* Quebec government promises taxpayers they won't pay
* Expects companies to respond on Tuesday
* July 6 crash killed 47, destroyed center of Lac Megantic
The Quebec government has ordered the rail and fuel companies involved in a devastating train crash that killed 47 people in the town of Lac Megantic to pay for cleaning up the crude oil that spilled in the town and surrounding lakes and rivers.
Quebec Environment Minister Yves-Francois Blanchet invoked powers under a provincial law on Monday to force the companies to take financial responsibility for fixing environmental damage.
"The citizens of Quebec are not the ones that will have to pay for this," Blanchet said in a televised news conference.
The order names Montreal, Maine & Atlantic Railway Ltd (MMA), a unit of Chicago-based Rail World Inc, and Montreal, Maine & Atlantique Canada Cie as well as fuel-services companies World Fuel Services Corp and Western Petroleum Company.
A train operated by MMA carrying light crude derailed on July 6 in the small, tourist town of Lac Megantic, exploding into a giant wall of fire next to a busy nightclub, killing 47 people and flattening the town's core.
Some 5.7 million liters of oil leaked from the rail cars, according to estimates by the Quebec government. Some of that has already been removed but Blanchet said the rehabilitation work must continue nonstop and without cost to taxpayers.
The government has no estimate yet of how long it will take or how much it will cost.

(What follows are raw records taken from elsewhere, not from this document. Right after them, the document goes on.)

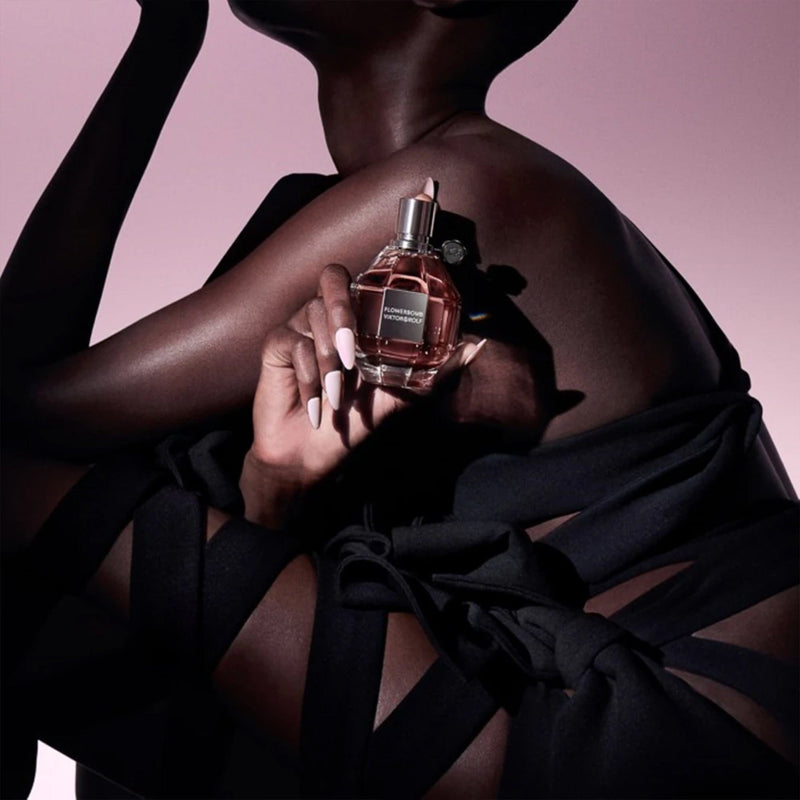 Viktor & Rolf Flowerbomb, Apa de Parfum Femei - 50ml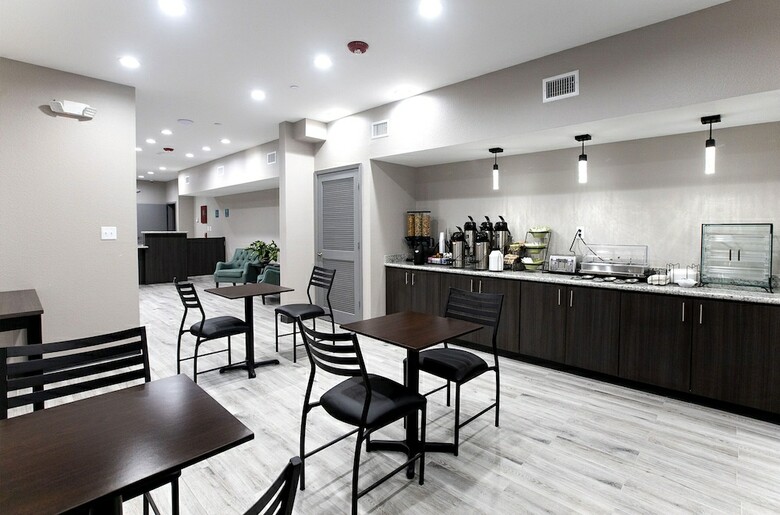 Hotel Express Inn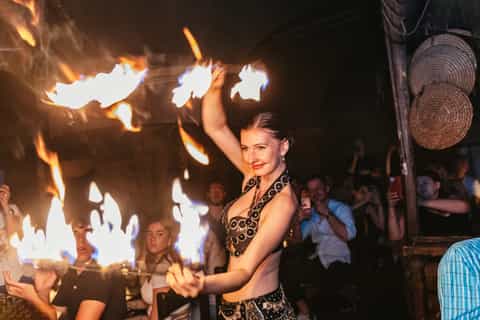 Prague: Medieval Dinner with Unlimited Drinks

"We are in unknown territory," Blanchet said. "We don't know exactly how long it will take, but we do know the full restoration will be done."
He said the affected companies were expected to respond to his order on Tuesday. MMA and World Fuel were not immediately available for comment.
The town of Lac Megantic's legal representatives wrote previously to MMA to request it handle the cleanup job.
Investigators from the Transportation Safety Board are expected to release an update later this week on their probe of the accident, but they have said they believe the brakes applied on the train were insufficient.
The train, which was hauling 72 tanker cars, was operated by a single engineer and had been parked for the night on a main line uphill from Lac Megantic. After the engineer left, it started rolling downhill, derailed and exploded.